Il y a toujours eu quelque chose de particulier avec ce groupe, entre ceux qui protègent jalousement son existence et les autres qui n’en ont jamais entendu parler, poussant certains chroniqueurs à l’affubler du titre de « Secret le mieux gardé de la Couronne » il y a quelques années.
Il faut sans doute mettre en corrélation la qualité vantée de leur musique et leur relatif anonymat avec la surprotection que l’on accorde parfois à certains groupes et certaines œuvres, tellement aimés que l’on se refuse bien égoïstement à les partager, comme par souci de préserver un territoire vierge dont on redouterait qu’il soit souillé ou corrompu. À titre personnel, il m’arrive assez peu de recommander Lanterns on the Lake, ne sachant jamais si l’osmose pourrait être identique avec d’autres auditeurs, si le charme agirait si violemment.
Écouter Lanterns on the Lake, pour moi, revient à ouvrir les yeux au bord d’un étang, assis sur un ponton à l’aube, alors que les rayons du soleil percent à travers les branches d’arbres au loin pour venir caresser les roseaux, dissipant les volutes de brume et promettant une journée de printemps resplendissante...un jour d’enterrement.
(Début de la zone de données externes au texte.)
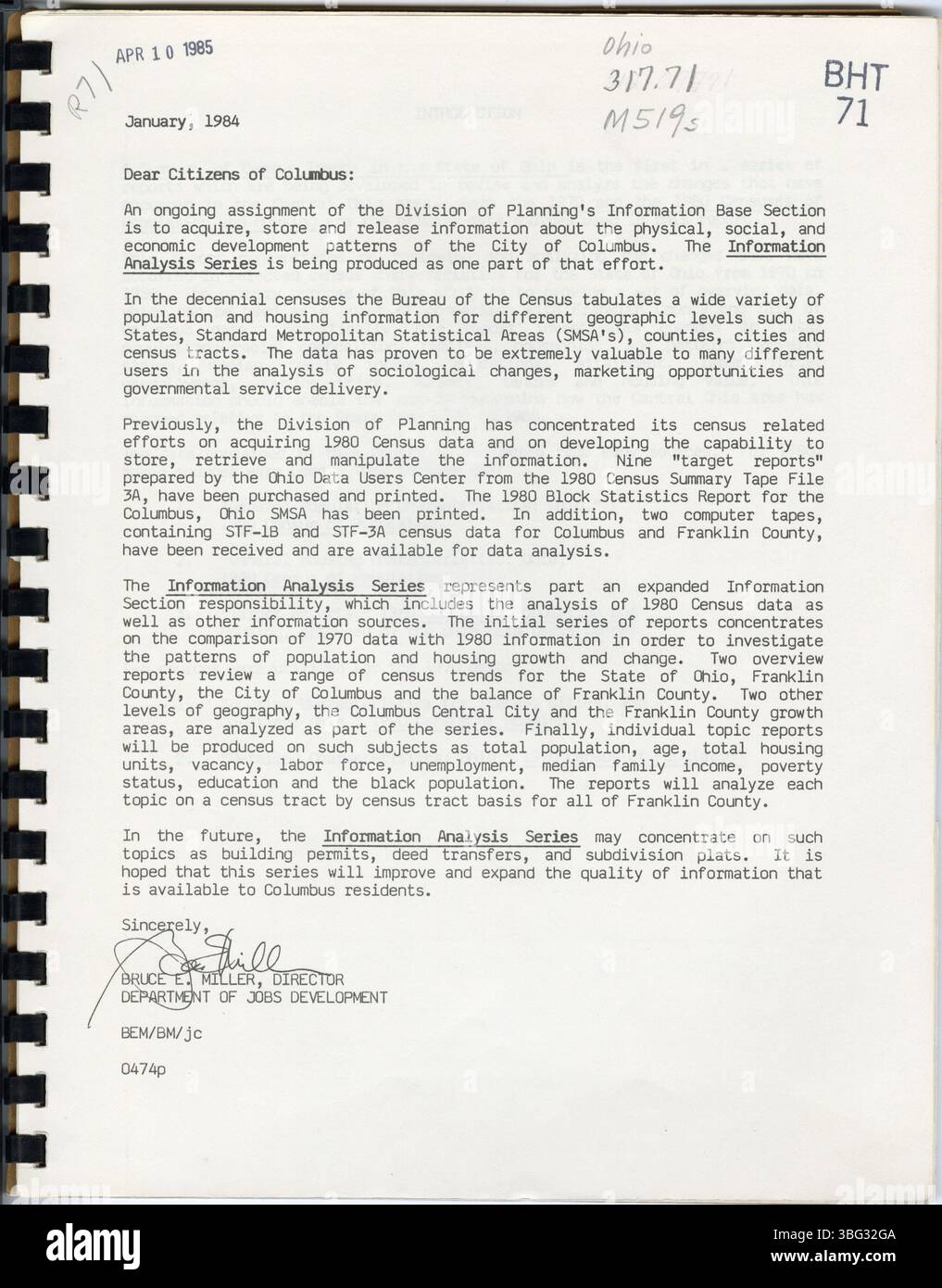 Ce rapport de 1984 sur les tendances du recensement de l'Ohio examine les changements dans la population, la composition raciale, le logement et la structure familiale entre les périodes de recensement de 1970 et 1980, en mettant l'accent sur les changements démographiques du centre de l'Ohio. Banque D'Images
À la fois superbe et triste, étincelante et mélancolique, vaporeuse et planante, la musique de Lanterns on the Lake n’a pas fondamentalement changé pour leur quatrième album. Tout au plus remarquera-t-on que le groupe a encore affiné son savoir-faire, sa science de la précision, déployant avec maestria une technique formidable et une richesse instrumentale bienvenue. Indéniablement, le groupe a appris à soigner ses effets et torture les émotions de l’auditeur avec bien plus de subtilité. Ce que l’on a perdu en puissance, on l’a gagné en justesse avec des montées trouvant l’équilibre parfait entre plaisir et frustration, poussant à la réécoute.
Dans un registre onirique et éthéré, Lanterns on the Lake n’a pas son pareil pour charmer, planter ses griffes dans le cœur, arracher les larmes pour mieux les lécher et soigner son auditeur.
C’était déjà acquis, mais la belle et délicate Hazel Wilde est devenue la seule et unique voix du groupe. Son timbre reconnaissable entre mille en a fait la pièce essentielle d’une formation anglaise tellement confidentielle qu’on en vient à désespérer de la voir un jour percer pour récolter des lauriers à la hauteur de la qualité de son travail. Pourtant, immanquablement, cruellement, elle décoche ses flèches et fait toujours mouche, sans jamais se décourager.
Cinq ans après un Beings magnifique que le groupe avait voulu plus efficace et percutant, Lanterns on the Lake a semble-t-il abandonné l’idée de séduire le grand nombre et s’est retourné vers ce qu’il fait de mieux : une musique constamment en équilibre entre fragilité et puissance, fuyant la facilité et cherchant le chemin tortueux vers le cœur qui se serrera immanquablement lors de l’écoute.
Ce qui était au début une tentative hautement contestable consistant à protéger un groupe profondément aimé pourrait donc finir par leur coûter leur survie. Alors peut-être que sur la base de cette recommandation qui n’a pour elle que la sincérité, le lecteur pourrait donner une chance à Lanterns on the Lake, en optant pour l’un ou l’autre de leurs albums. Peu importe lequel, ils ont été touchés par la grâce et excellent depuis leurs débuts.
En tout état de cause, avec ce Spook the herd, le groupe tutoie une fois encore la perfection et a réussi à faire danser mon âme, à la faire briller quand tout s’était obscurci.